* [SOURCE INFORMATION]:
----------------------------------------

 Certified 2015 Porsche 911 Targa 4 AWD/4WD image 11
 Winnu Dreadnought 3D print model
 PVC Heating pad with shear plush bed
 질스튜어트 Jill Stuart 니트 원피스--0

----------------------------------------

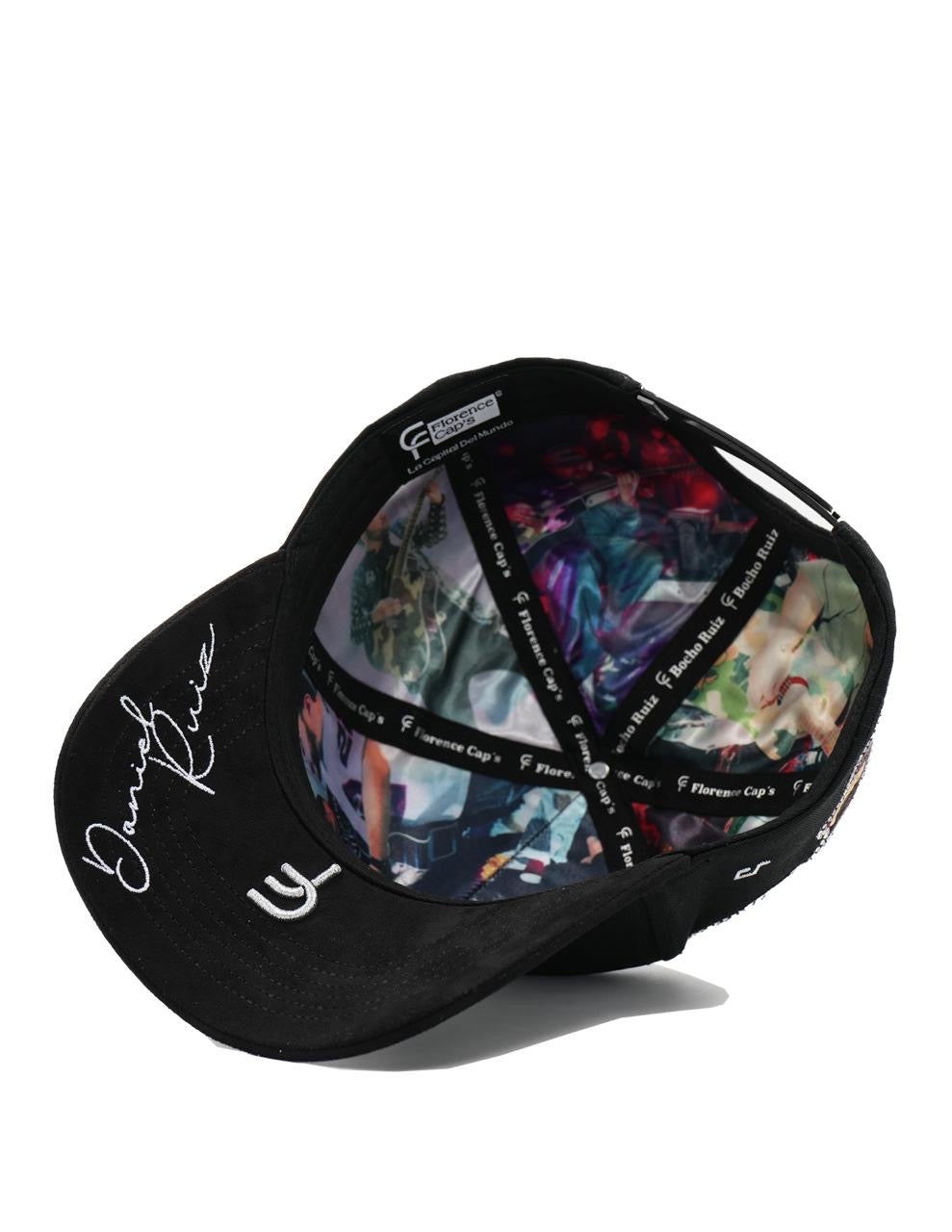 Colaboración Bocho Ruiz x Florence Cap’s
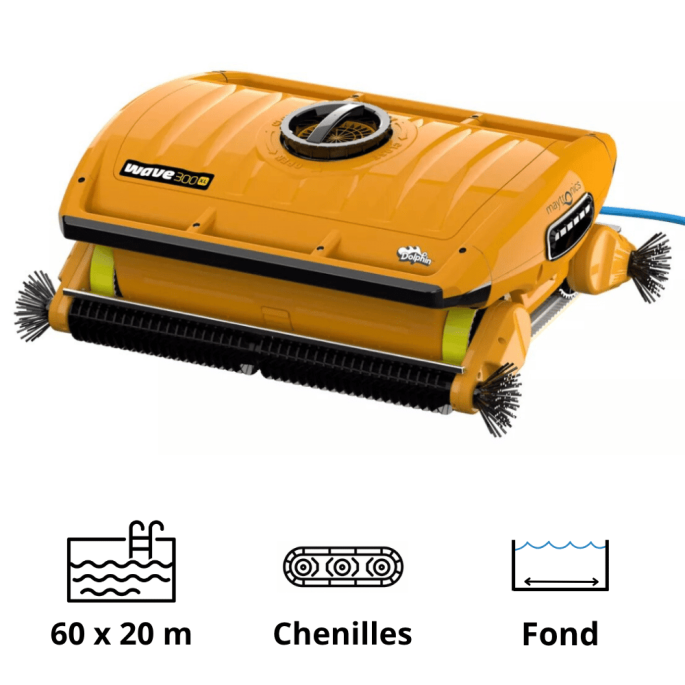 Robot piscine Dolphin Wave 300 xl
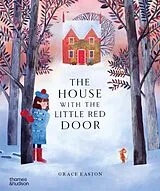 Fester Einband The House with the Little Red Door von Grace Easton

----------------------------------------

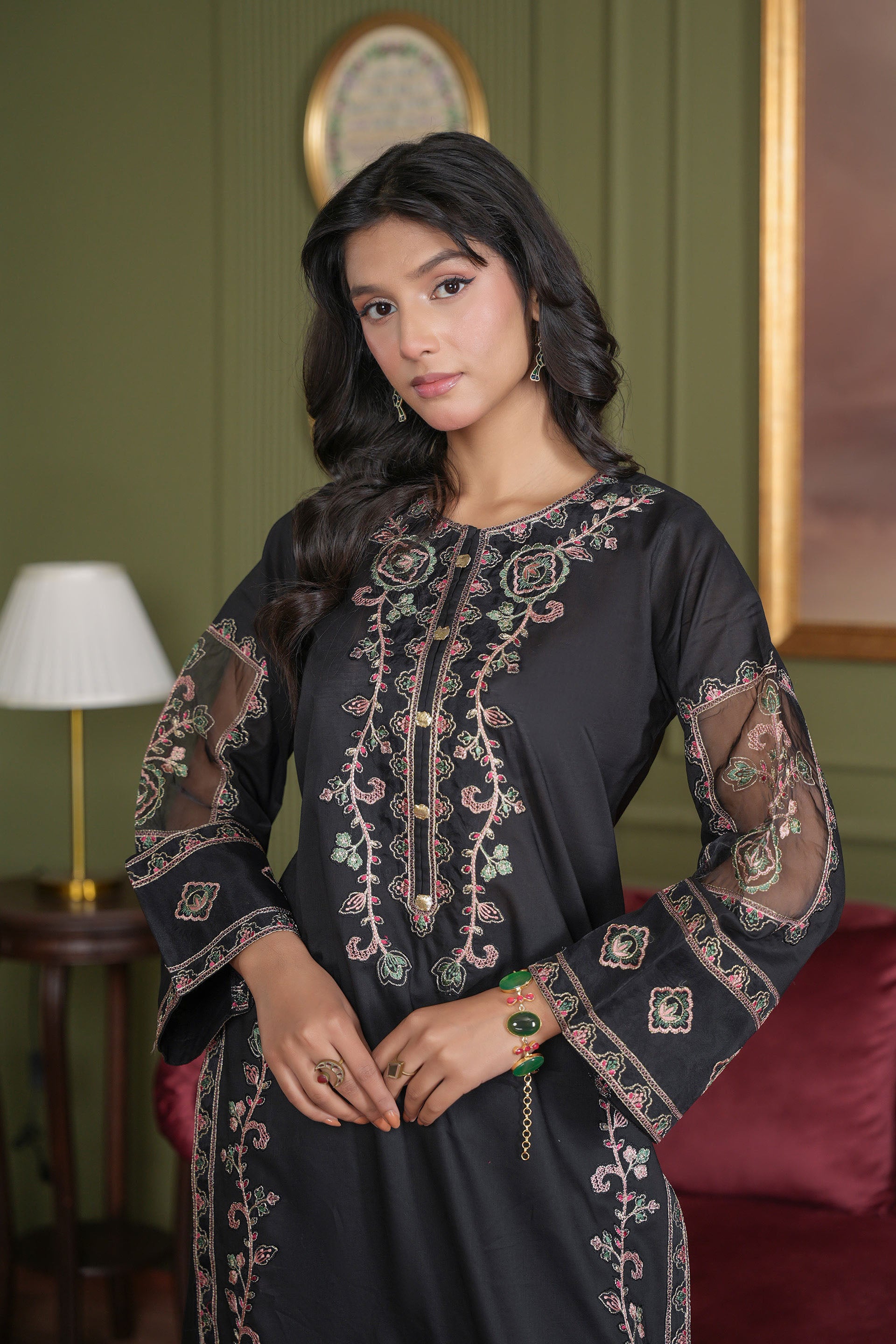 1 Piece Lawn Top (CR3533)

----------------------------------------

* [REQUIREMENT]:
Copy the entries above exactly, but only from the line holding "Winnu Dreadnought 3D print model" through the line holding "질스튜어트 Jill Stuart 니트 원피스--0", both included.

* [EXERCISE RESPONSE]:
 Winnu Dreadnought 3D print model
 PVC Heating pad with shear plush bed
 질스튜어트 Jill Stuart 니트 원피스--0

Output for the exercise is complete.